**WHAT YOU NEED TO DO**
In the material below, find the line with "Amio ΦΩΤΑ ΗΜΕΡΑΣ" and the line with "Slangklem 16mm passend voor leiding-Ø", then output both and every line between them exactly, omitting pictures.

**GIVEN RECORDS**
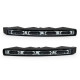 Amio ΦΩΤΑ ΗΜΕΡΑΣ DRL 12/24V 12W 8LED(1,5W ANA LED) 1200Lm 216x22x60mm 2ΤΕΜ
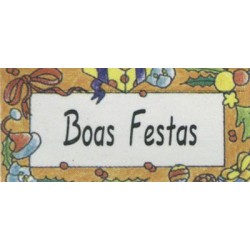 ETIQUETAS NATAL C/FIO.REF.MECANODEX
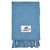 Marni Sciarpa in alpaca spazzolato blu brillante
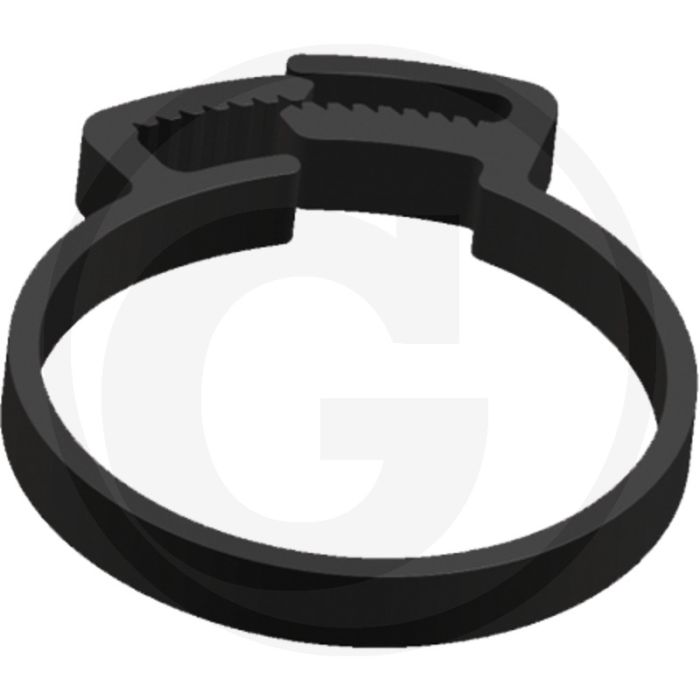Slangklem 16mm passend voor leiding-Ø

* * *

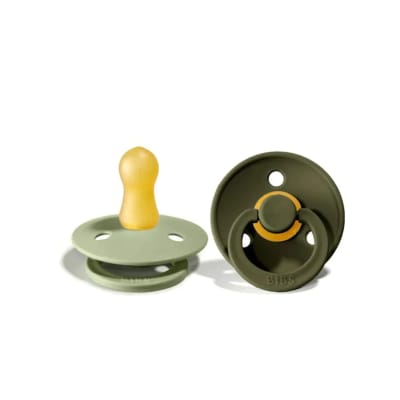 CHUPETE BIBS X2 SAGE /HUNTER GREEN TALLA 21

--

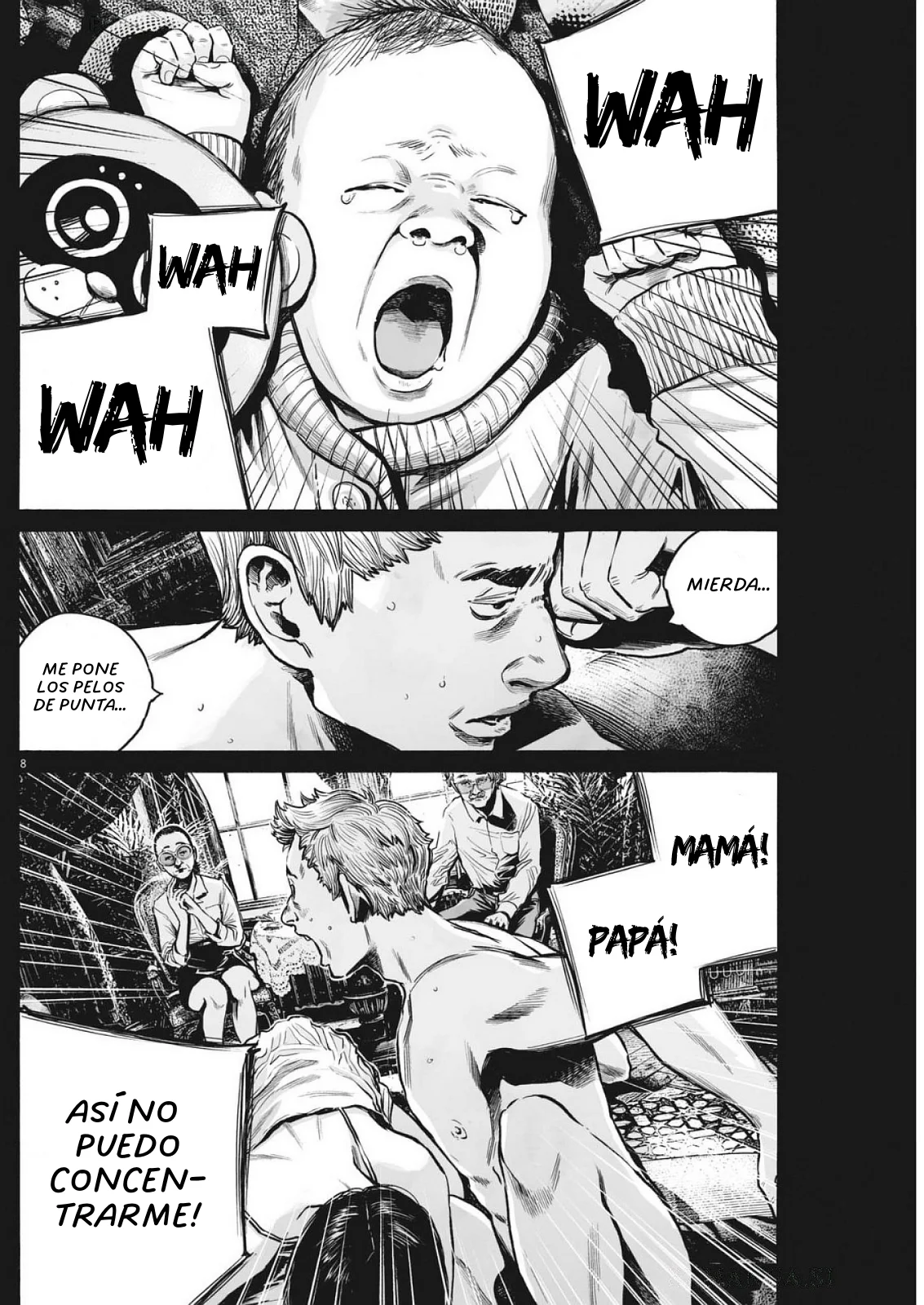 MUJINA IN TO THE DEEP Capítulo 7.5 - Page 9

**YOUR RESPONSE**
 Amio ΦΩΤΑ ΗΜΕΡΑΣ DRL 12/24V 12W 8LED(1,5W ANA LED) 1200Lm 216x22x60mm 2ΤΕΜ
 ETIQUETAS NATAL C/FIO.REF.MECANODEX
 Marni Sciarpa in alpaca spazzolato blu brillante
Slangklem 16mm passend voor leiding-Ø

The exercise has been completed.